What is going on and how can I optimize?
Any help appreciated!!!
I figured this out! The issue was that I was converting my series of modelr resample objects to tibbles and that was exploding the memory even though I was subsequently sampling them down. The solution? Write methods for dealing with resample objects so that I never have to convert resample objects to tibble. These looked like:
# this function just samples the indexes instead of the data
sample_frac.resample <- function(data, frac) {
data$idx <- sample(data$idx, frac * length(data$idx))
data
}
# this function replicates the indexes.
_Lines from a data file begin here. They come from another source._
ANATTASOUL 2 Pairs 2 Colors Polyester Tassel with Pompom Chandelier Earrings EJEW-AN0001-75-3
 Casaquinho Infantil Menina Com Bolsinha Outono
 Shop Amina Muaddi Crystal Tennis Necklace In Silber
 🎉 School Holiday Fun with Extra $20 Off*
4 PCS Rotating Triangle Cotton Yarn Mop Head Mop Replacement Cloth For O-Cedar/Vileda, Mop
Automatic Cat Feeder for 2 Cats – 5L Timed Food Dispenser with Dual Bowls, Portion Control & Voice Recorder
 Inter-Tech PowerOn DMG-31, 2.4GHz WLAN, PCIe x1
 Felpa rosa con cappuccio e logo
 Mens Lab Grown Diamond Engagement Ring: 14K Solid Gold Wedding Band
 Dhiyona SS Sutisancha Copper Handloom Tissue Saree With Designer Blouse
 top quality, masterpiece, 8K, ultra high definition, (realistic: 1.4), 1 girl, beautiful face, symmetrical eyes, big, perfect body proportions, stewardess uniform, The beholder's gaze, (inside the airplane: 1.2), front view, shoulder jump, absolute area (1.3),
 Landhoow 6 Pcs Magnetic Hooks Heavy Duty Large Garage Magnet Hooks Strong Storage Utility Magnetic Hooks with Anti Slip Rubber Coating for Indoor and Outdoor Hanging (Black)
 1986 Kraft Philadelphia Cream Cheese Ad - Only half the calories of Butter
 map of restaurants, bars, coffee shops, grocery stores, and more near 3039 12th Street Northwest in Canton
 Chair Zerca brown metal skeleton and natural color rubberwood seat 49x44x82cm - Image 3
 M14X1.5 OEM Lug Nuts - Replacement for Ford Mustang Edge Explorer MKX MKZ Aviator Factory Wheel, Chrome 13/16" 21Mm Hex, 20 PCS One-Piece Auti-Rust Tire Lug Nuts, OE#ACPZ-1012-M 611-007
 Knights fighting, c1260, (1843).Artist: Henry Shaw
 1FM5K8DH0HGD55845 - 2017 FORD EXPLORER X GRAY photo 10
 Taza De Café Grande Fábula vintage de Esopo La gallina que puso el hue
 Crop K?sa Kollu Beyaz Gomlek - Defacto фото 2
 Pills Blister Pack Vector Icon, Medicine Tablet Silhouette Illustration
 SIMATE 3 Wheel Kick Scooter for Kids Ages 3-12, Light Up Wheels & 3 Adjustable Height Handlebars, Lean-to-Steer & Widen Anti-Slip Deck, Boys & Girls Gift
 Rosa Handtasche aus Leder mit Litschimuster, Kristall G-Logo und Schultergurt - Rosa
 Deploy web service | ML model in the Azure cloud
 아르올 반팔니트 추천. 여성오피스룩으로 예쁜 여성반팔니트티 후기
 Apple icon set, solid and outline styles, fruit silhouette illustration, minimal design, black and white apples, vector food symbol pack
I should probably call it something else.
augment.resample <- function(data, n) {
data$idx <- unlist(map(seq_along(1:n), ~ data$idx))
data
}
# This function does simple splitting (logical only) of resample obejcts
split.resample <- function(data, .p) {
pos <- list(data = data$data, idx = which(.p, 1:nrow(data$data)))
neg <- list(data = data$data, idx = which(!.p, 1:nrow(data$data)))
class(pos) <- "resample"
class(neg) <- "resample"
list("TRUE" = pos,
"FALSE" = neg)
}
# This function takes the equivalent of a `bind_rows` for resample objects.
# Since bind rows does not call `useMethod` I had to call it something else
bind <- function(data) {
out <- list(data = data[[1]]$data, idx = unlist(map(data, pluck, "idx")))
class(out) <- "resample"
out
}
Then I just converted to a tibble in the same purrr closure in which my model is run for that CV. Problem solved! My memory usage is VERY low now.